Food for our purposes could be something like.... plant or animal that is virtually unprocessed or untouched that is complete in and of itself. For example: Spinach leaves are in and of themselves complete. A piece of meat is virtuall unprocessed and complete. An almond is in and of itself complete without any need to modify or recreate...

Donuts, fudge, candy... would then not be considered food and entirely something else... but what.......?

mmmm.... soo someone could argue well food is a compound of elements. That being the nutrients....

But if you view it this way then candy could be considered a food in part....

I would view it as more of a whole than in pieces.... However, things become broken down when in the body into specifics...

Any thoughts on ways in which this could be cleared up?

If you have time maybe some thoughts on why cheatmeals are inevitable?

-Get Lifted



I understand your thinking. It's admirable to analyze the "whys", "hows", and "whats". Yet like so much I see here, much of the groundwork has already been thought out by many professionals, educators and scientists.
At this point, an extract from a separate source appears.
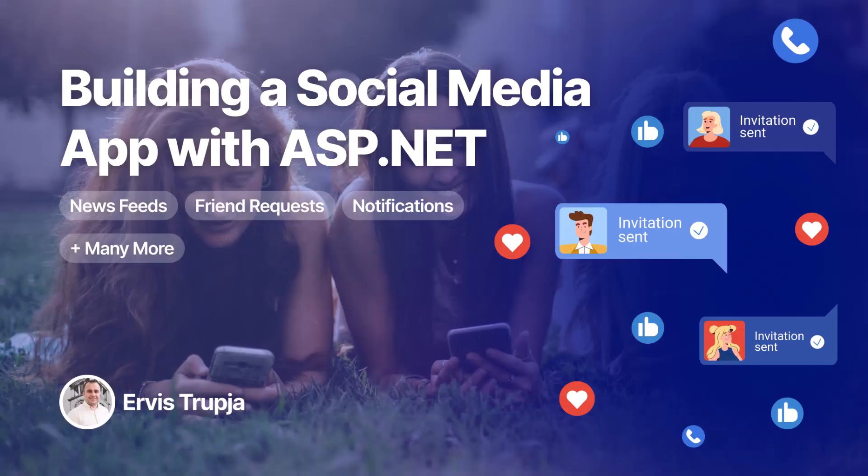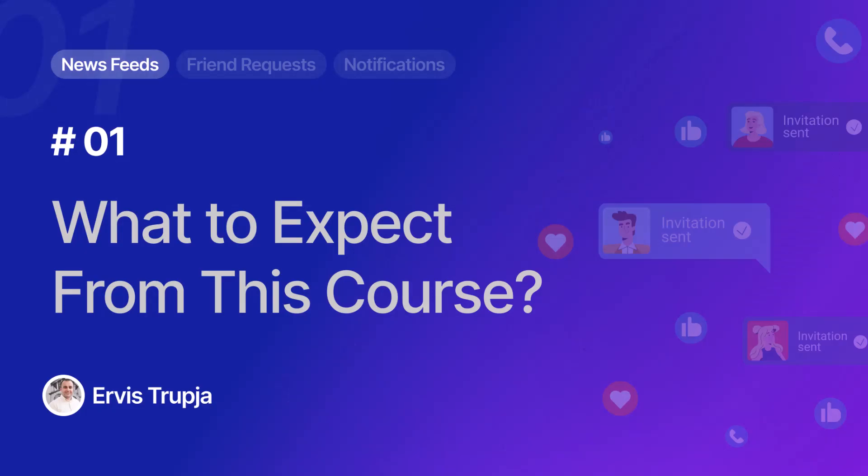Hi everyone, and welcome to this course on building a social media application step by step with ASP.NET. This course is designed for those who already have some experience with ASP.NET, but even if you are not experienced, you'll still learn a lot.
So just to let you know you're not off the mark (but to keep you from wasting any time reinventing the wheel), here's some facts...

We choose to eat for many reasons. Appetite, taste, price, nutrient content and health beliefs, availability, schedule, social and religious inclinations, etc. All things being equal, most folks choose TASTE (yes, instant reward). Maybe you can check out "Eat It" by doing a search here on the site.

Foods are technically substances of plant and animal origin that can be taken into the body for energy and nutrients (not the same thing) for such things as growth, repair, functioning, etc.

I think that a simple rule to address part of your thinking is to go for minimally processed foods. The closer to what you might find in nature, the better. Whole fruits, vegetables, lean meats, dairy, whole grains... each of these things lacks the processing of most of our grocery store food products. (Hmm, try searching for the "Frankenfoods" article as well.)

By contrast consider what we've done to these simple foods: fruit pies, salty discolored canned vegetables or French fries, soft fatty brger sandwiches, sugary flavored dairy products, stripped refined white bread... you get the idea.

Simpler is better.


You always have great recipes, I was wondering if you had a few favorite preworkout meals? I usually lift in the afternoon, so it would be my 2nd or 3rd meal of the day. Thanks!


Thanks! Pre workout, I've always liked low-carb protein snacks.

Instant coffee and chocolate protein blended with 1/2 c. Carb Countdown milk and 1 c. water makes a decent mocha.

These can be kicked up a notch with a 1/2 cup raspberries for a choc-raspberry-mocha drink... or added mint extract can result in a chocolate-mint type of thing not unlike what one might see at a coffee shop. Ditch the coffee and try cottage cheese and bluberries = bluberry cheescake shake.

...there was far more floating around this forum. I just like to keep the protein and caffeine up and the carbs down prior to exercise. (Don't want that insulin jacked sky-high protecting my body fat stores!)

And know what? Natural PB on a piece of low-carb toast goes great with some low-CHO milk or protein drink, too. It's the simple things ya treasure.

I'll have to think about actual meal recipes though. These are snacks 'cause pre-workout, it's not good to get bogged down with a big meal.


Alrighty, I'm out.

I skipped kendo tonight for you guys (and gals), so tomorrow will call for some extra exercise before Prime Time! I must try not to get any fatter from these injuries (they've been slowing me down!)

See you manana!


When you competed, did you supplement with creatine? How close to the day of comp did you use? Any regrets?